3 April 2008

We’ve had nine Irish number ones about Irish and Man United soccer (not counting two football-related charity fundraisers plus a comedy ballad with a verse about a footballer from Cork), one about Wexford hurling, another that asks will Galway bate Mayo (answer: not if they have Willie Joe) but this is Ireland’s first and so far only chart-topping single about rugby. Welcome to rugby country!

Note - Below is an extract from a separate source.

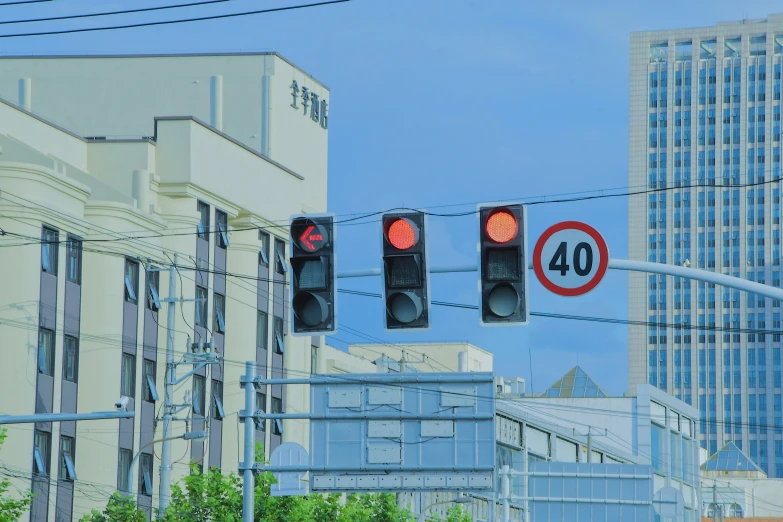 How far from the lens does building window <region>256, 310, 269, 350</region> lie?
66000mm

Munster’s dramatic European exploits in the ’00s caught the Irish public imagination: a couple of near misses in finals, a few dodgy calls along the way, an epic ‘miracle match’ in the group stage, and after all that two Heineken Cups finally won in 2006 and 2008. There were a few other Munster-related records in the lower reaches of the charts in those years, just as there are usually county songs in or around the Irish top thirty come All-Ireland time. However, ‘The Munster Song’ had the additional wind in its sails of being a charity fundraiser for Bluebell ABA (for ‘applied behavioural analysis’) School in Limerick, which was set up by local parents of children with autism. Glenn Keating was a young Bluebell pupil at the time, and we’ve already heard Greg Ryan at number one in Ireland as part of Irish hard-rock boyband Zoo with ‘Poison’ / ‘I Believe’. The song itself—a folk ballad tale of supporting Munster—and the rugby tie-in are means to a worthier end, and I hope the families of Bluebell saw the benefits.
Putting my Munster birthright and citizenship to one side while I don the mantle of objective analysis, I note that there has never been a Leinster rugby song at number one in Ireland. That tells its own sorry story.